Deploying NLP Model on Heroku using Flask, NLTK, and Git-LFS

Pulkit Rathi
Analytics Vidhya
Published in
6 min readNov 28, 2020

--

Flask app + Git-LFS + Heroku

I was trying to deploy my NLP model for Imdb reviews on Heroku and faced a lot of issues and had to refer a lot of resources for each error individually.

This article is a quick guide to debug errors that you might encounter while deploying your NLP model on Heroku. So, if you encounter any of the following issues just follow the steps and you’ll be good to go.

A) Pre-requisites:

✔️ Working Flask App — You should have a working Flask app. You can check if your app is working by running it locally(127.0.0.1).

✔️ Heroku CLI — You need to install Heroku CLI to see the errors. Download the setup from here and install it. Open cmd and enter heroku login. It will redirect you to a web page. After logging in you need to enter the below query in cmd to see the logs.

heroku logs --tail --app <your_heroku_app_name>

✔️ GIT-LFS(Optional) — Use Git-LFS only when you have large files with a size greater than 100MB. I used it in my project because my word2vec pickle file was greater than 100MB. Download the setup from here. Open git bash in your local repo directory and follow the steps. This example is for .pickle files. You can do this for any file or file type.

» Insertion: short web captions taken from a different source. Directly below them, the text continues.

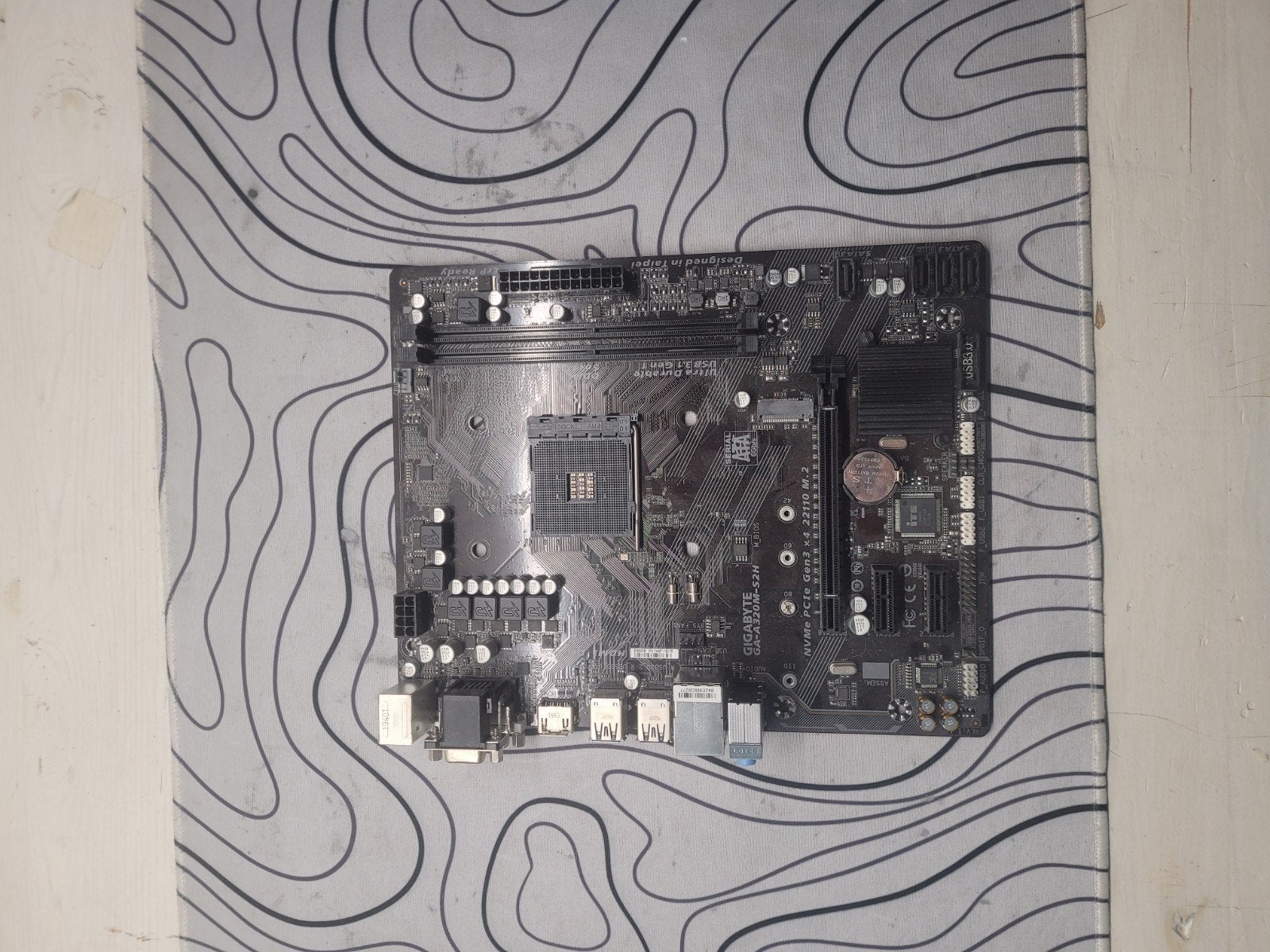 GIGABYTE GA-A320M-S2H AM4 MOEDERBORD -DEFECT-, DDR4, Ophalen of Verzenden, Micro-ATX, Socket AM4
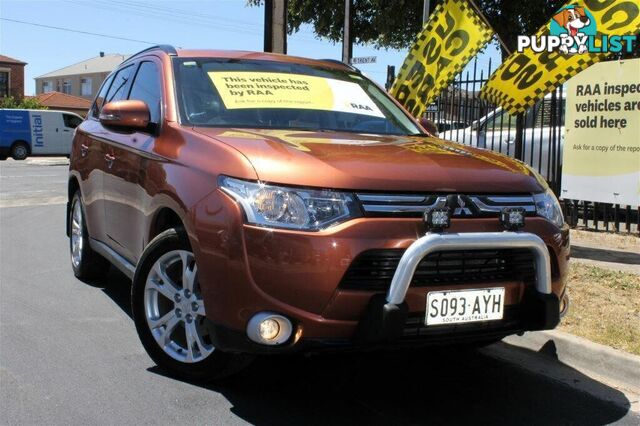 2013 MITSUBISHI OUTLANDER LS (4X4) ZJ MY14 SUV, 4 DOORS, 7 SEATS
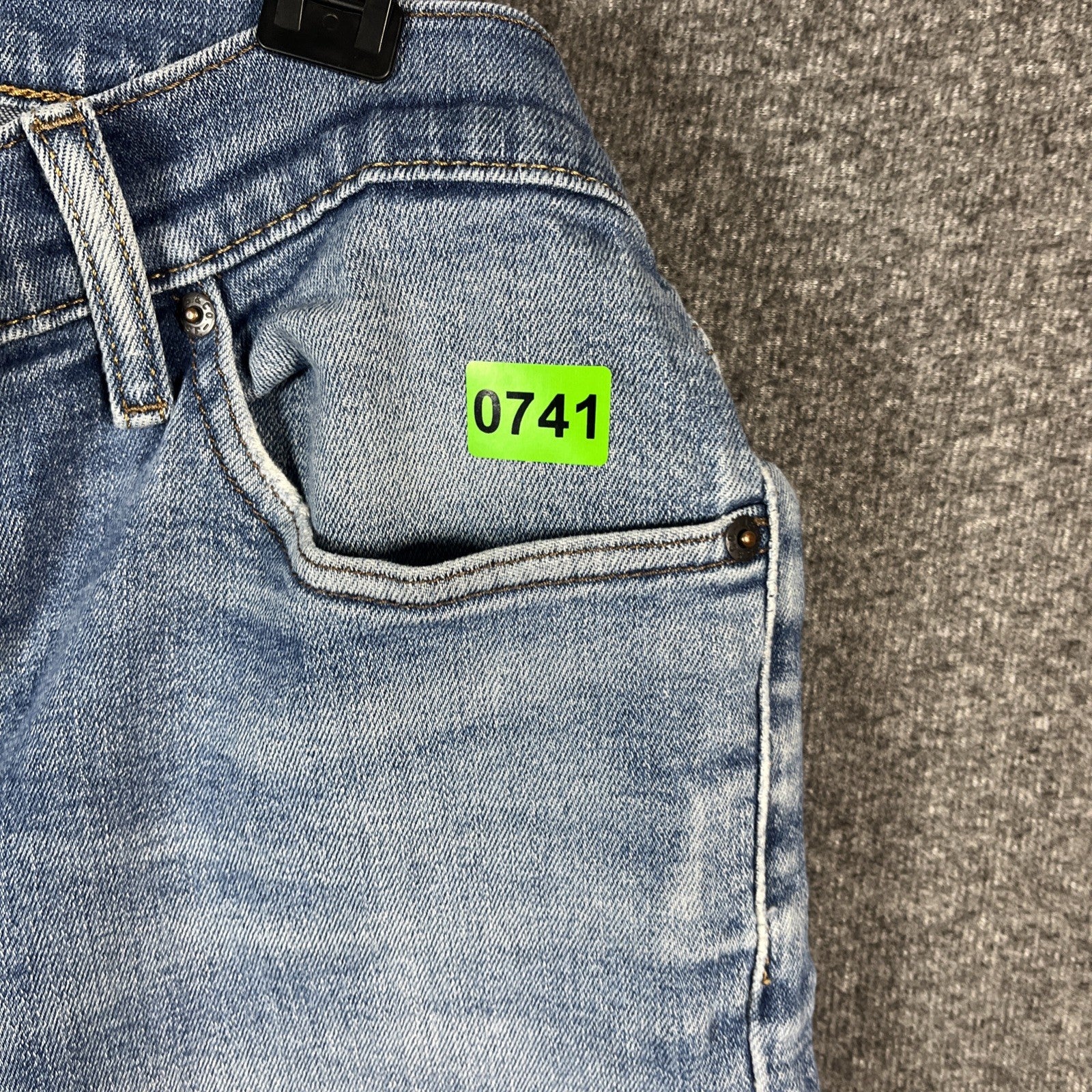Levi’s 541 light blue denim jeans size 32×32 button zipper fly relaxed fit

#.gitattributes file will be generated when you initialize git-lfs
git lfs install
git lfs track "*.pickle"
git add .
git commit -m "Add lfs support for .pickle files"
git push origin master

B) Errors & Solutions:

Note: You can see all these errors in the logs in Heroku CLI.

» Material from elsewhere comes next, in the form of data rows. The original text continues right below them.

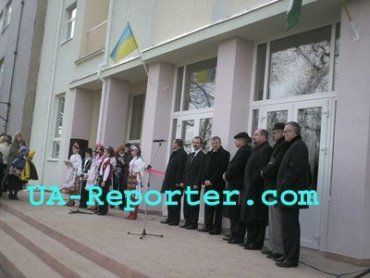 В Ужгороде состоялось торжественное открытие второго корпуса школы №10.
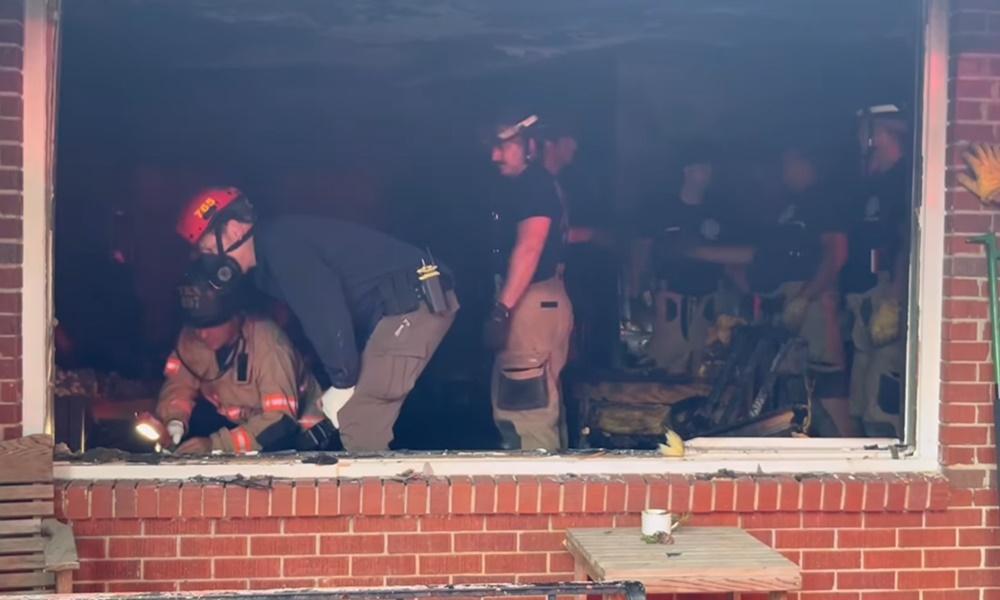 消防員形容,這是一場「毀滅性火災」,火勢撲滅後家中已完全焦黑,家具盡毀。(FB)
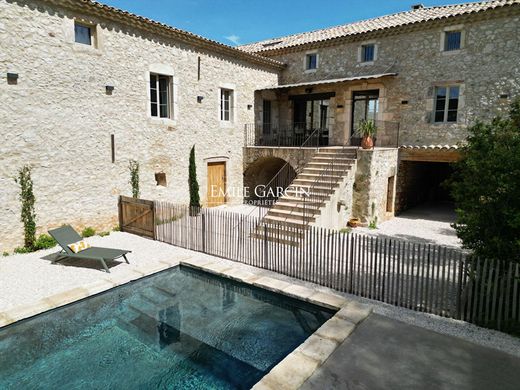 Luxus-Haus in Goudargues, Gard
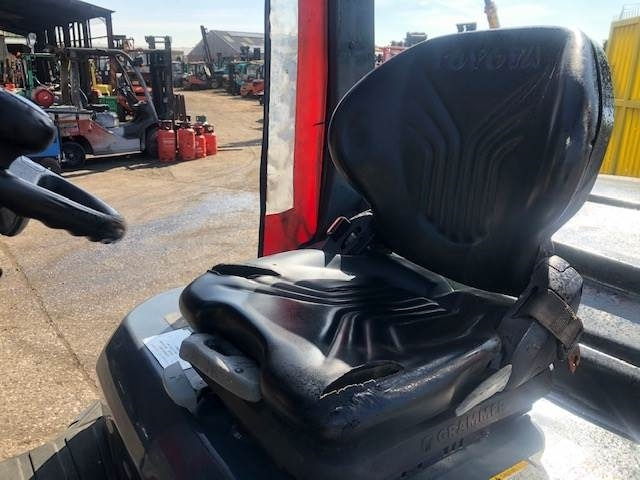 Toyota 40-8FD45N  - Chariot élévateur diesel: photos 3 Toyota 40-8FD45N  - Chariot élévateur diesel: photos 3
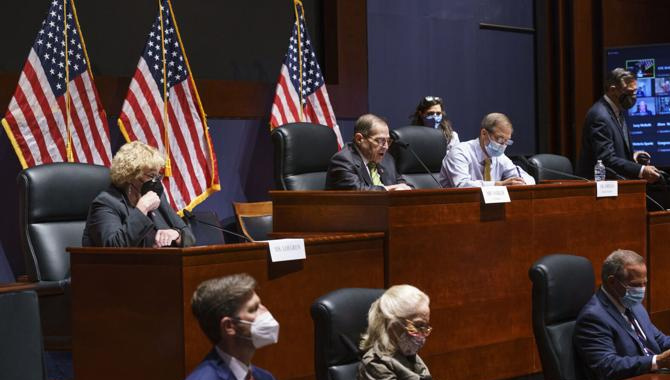 తుపాకీ నియంత్రణపై అమెరికా చట్టసభలో బిల్లు!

1. at=error code=H14 desc=No web processes running” method=GET path=”/”: This error can occur when you don’t have Procfile in your repo, or you have saved it with some extension like “Procfile.txt”, or you have wrong data in Procfile like wrong python Flask application file name, or you have no dynos to run the app.

H14 Error

Solution:

  • Check if you have Procfile with no extension in your remote repo.
  • Check if you have the correct data in Procfile. In the below example, api.py is the name of the python file that contains the flask application with the name app (app = Flask(__name__) in file api.py).
web: gunicorn api:app
  • Run the below command in cmd to assign dyno for your app.
heroku ps:scale web=1 --app <your_heroku_app_name>

2. at=error code=H10 desc=App crashed” method=GET path=”/”: This error can occur when you specify the wrong app name in the Procfile.

H10 Error

Solution:

  • Check that name of the Flask name in your project and the app name in Procfile are the same.
#for e.g. if you have -> app = Flask(__name__) with api.py as main Flask file then Procfile should look like:
web: gunicorn api:app

3. NLTK LookupError: This error occurs when you forget to add the nltk.txt file to the repo. This file holds the name of NLTK resources to be downloaded by Heroku for the proper functioning of the app.

NLTK LookupError

You can also check your Heroku deploy logs for this.

Solution:

  • Add nltk.txt at the same root directory location of the flask application in your repo with the NLTK resources you use in your app.
nltk.txt

4. Git-LFS Error: I was using Git-LFS to push .pickle files to my remote repo. But, the sad part is that there is no native support for Git-LFS in Heroku. I got the following error because of it:

_pickle.UnpicklingError: invalid load key, ‘v’ .

UnpicklingError

Solution:

You need to do 3 things to integrate Git-LFS with Heroku:-

i) Create a “Personal Access Token” for your Github account. Go to your Github profile ➜ Settings ➜ Developer Settings ➜ Personal access tokens ➜ Generate new token. Save this token somewhere safely.

ii) Add Heroku buildpack for Git-LFS: You can add the required buildback using either Heroku CLI or Heroku dashboard.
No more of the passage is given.